Before he passed away earlier this month, Fred Thompson had been a U.S. senator and a star of Law & Order, but he may have been best known by the end of his life as a pitchman for reverse mortgages on TV commercials. To some people, reverse mortgages have a bit of a low-rent feel to them, but even for some wealthier clients, they may make sense as part of an estate plan.
The basics of a reverse mortgage are that the lender issues a monthly payment based on the value of the home to the borrower, and the lender takes possession of the home upon the borrower’s death. By law, the borrower must be at least age 62, so there’s no clever way to guarantee payments for 50 years.
Clients who may be subject to the estate tax probably have enough assets that they don’t feel the need to use a reverse mortgage, which pays the homeowner a monthly fee in exchange for ownership of the house after the owner passes. Nevertheless, it is true that a reverse mortgage reduces the value of that property, thus reducing the value of the estate, so if there aren’t any heirs who want the house, it can make financial sense.
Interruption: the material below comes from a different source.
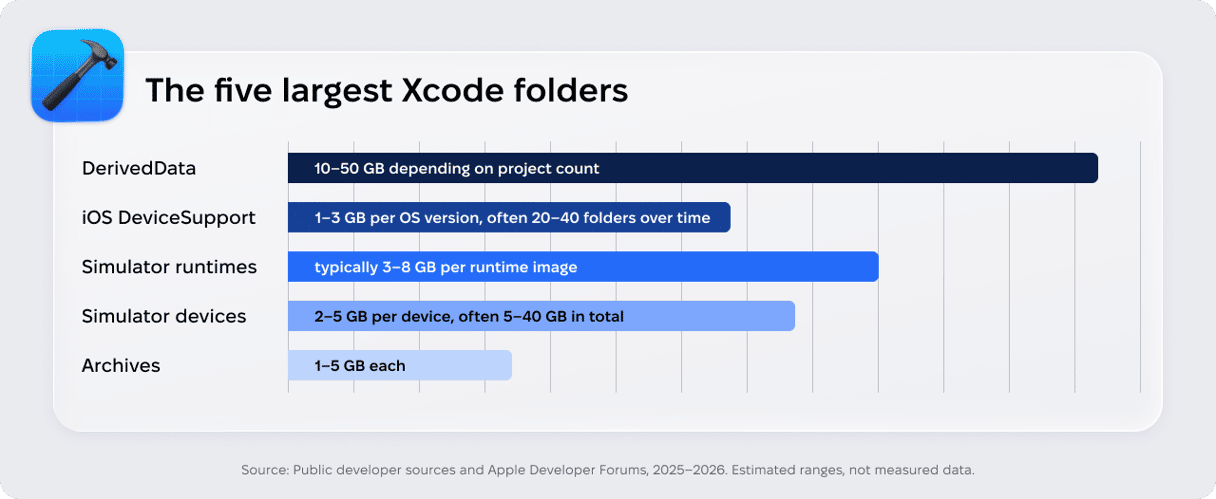 Bar chart showing the five largest Xcode folders on Mac, including DerivedData at 10-50 GB, iOS DeviceSupport, Simulator runtimes, Simulator devices, and Archives with estimated storage sizes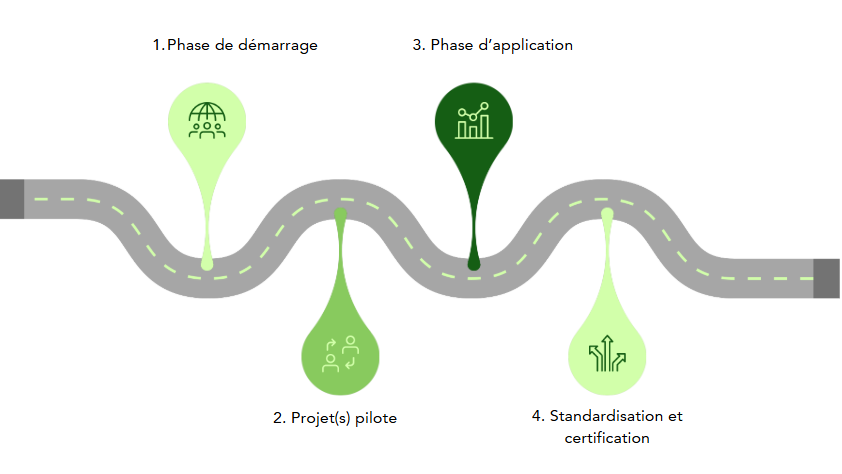 BC_certification_étapes_COPRO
That alone may be enough to make some of your clients want to consider a reverse mortgage. Here are some of the positives and negatives they need to keep in mind:
Unless it’s a family homestead, most primary homes will be sold after the death of the homeowner. Given that it’s a forced sale, irrespective of the quality of the market in the neighborhood or city, it can often be an unfavorable sale, without a chance to maximize the sale price. A reverse mortgage can lock in a value that the owner is satisfied with. And the technique saves heirs the hassle of having to dispose of the property.
As mentioned above, the value of the home is transferred to the borrower, reducing the value of the assets left in the state. Upon the sale of the property, any equity over the reverse mortgage loan amount will revert to heirs, rendering the equity also subject to estate taxes.
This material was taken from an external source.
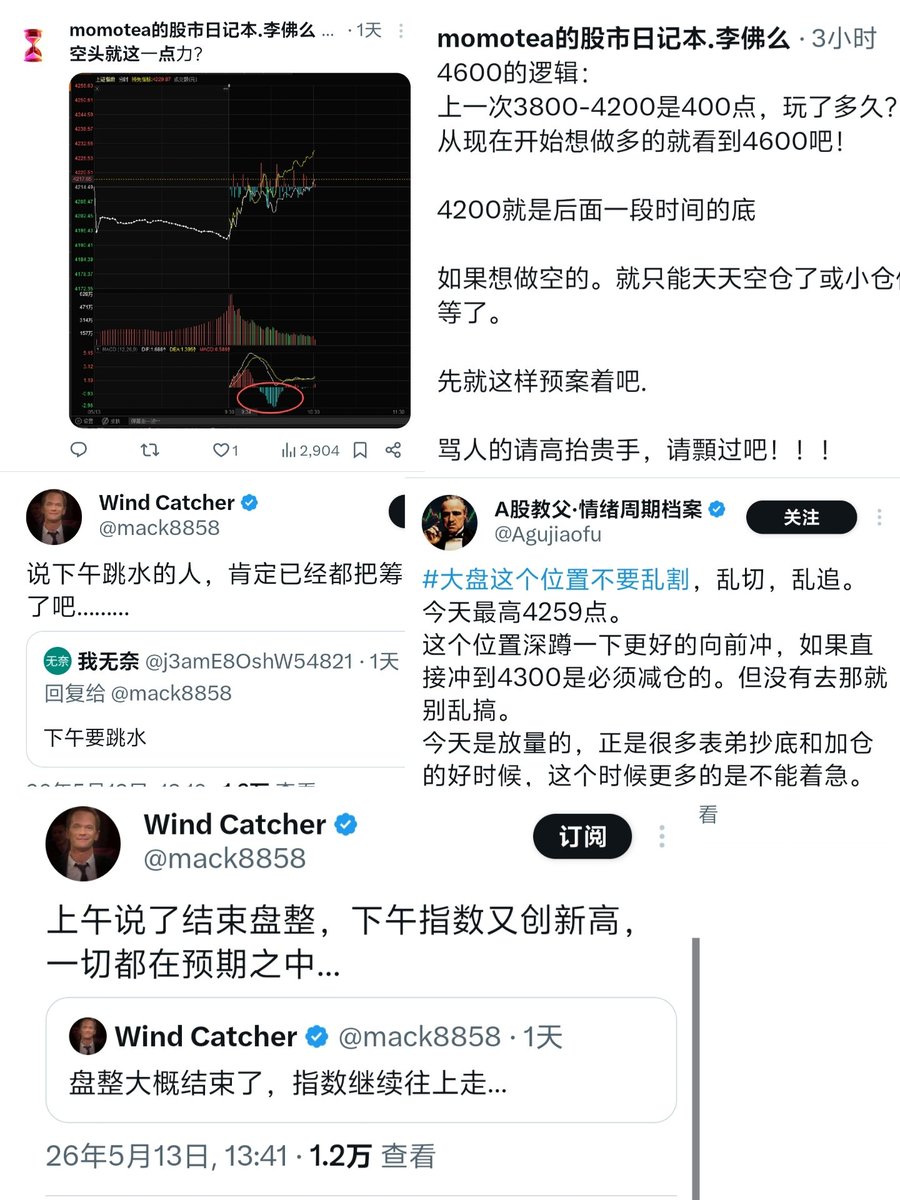 Trader峰仔的投资笔记 tweet media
Even if the clients don’t face estate taxes, heirs may have to deal with capital gains and other taxes on the proceeds from the sale of the home. None of that applies with a reverse mortgage. In fact, the client can gift the payments from the reverse mortgage to the heirs to pay off their legacy early.
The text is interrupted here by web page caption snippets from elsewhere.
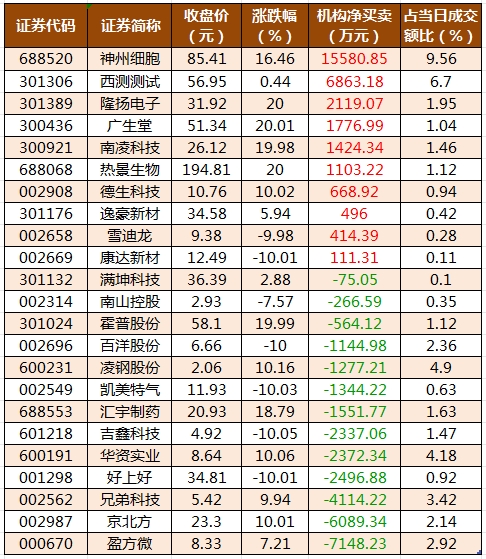 龙虎榜机构净买入的个股.png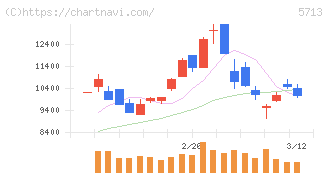 住友金属鉱山(5713)の日足チャート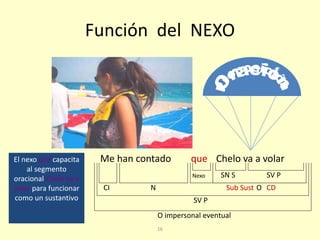 16
Función del NEXO
Chelo va a volarqueEl nexo que capacita
al segmento
oracional Chelo va a
volar para funcionar
como un sustantivo
Me han contado
SN S SV P
O
Nexo
Sub Sust CD
O impersonal eventual
SV P
NCI
 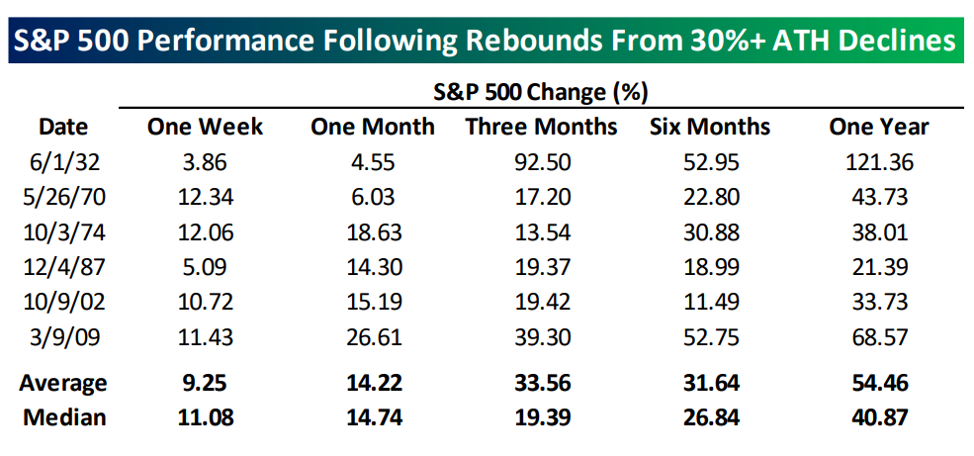 S&P 500 Performance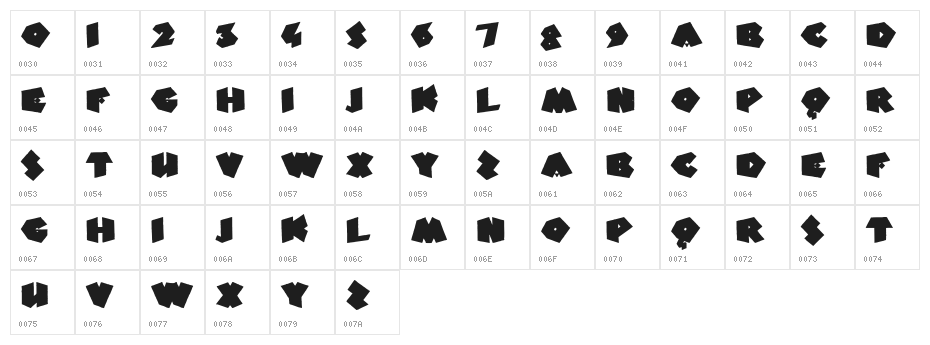 FatFantasy Character Map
Alternatively, the proceeds from a reverse mortgage can be used to purchase life insurance. Upshot: The tax-free income stream generated by a reverse mortgage can be converted into larger death benefits for the client’s beneficiaries. And if the life insurance policy is structured such that it pays the benefit to heirs, that money comes in tax-free dollars.
Some possessors of reverse mortgages are sometimes still eligible for the mortgage-interest deduction on the borrower’s taxes. The accrued interest in the reverse mortgage may be available as a tax deduction upon repayment of the loan.
Clients should be prepared to stay in the house. The borrower has to repay the loan when they move out of the house, for whatever reason. Repayment on a reverse mortgage is triggered upon the death of the borrower/client, but also upon such events as the client entering an assisted living or long-term care facility. That could result in the client having to start repaying the reverse mortgage—at a point when the owner likely doesn’t have much income.
A reverse mortgage is not available to vacation or other second homes. The reverse mortgage is only available for a primary residence, and if the borrower doesn’t live most of the time in the residence, that triggers payments on the loan. The borrower is considered “moved out” if he or she hasn’t lived in the home for a year.
So there are some valuable tactics available for clients who have considered a reverse mortgage. If some of your clients are in a position to take advantage of one, it can be a proactive move to suggest one, with the benefits and drawbacks ready to lay out. After all, they can no longer get this advice from Fred Thompson.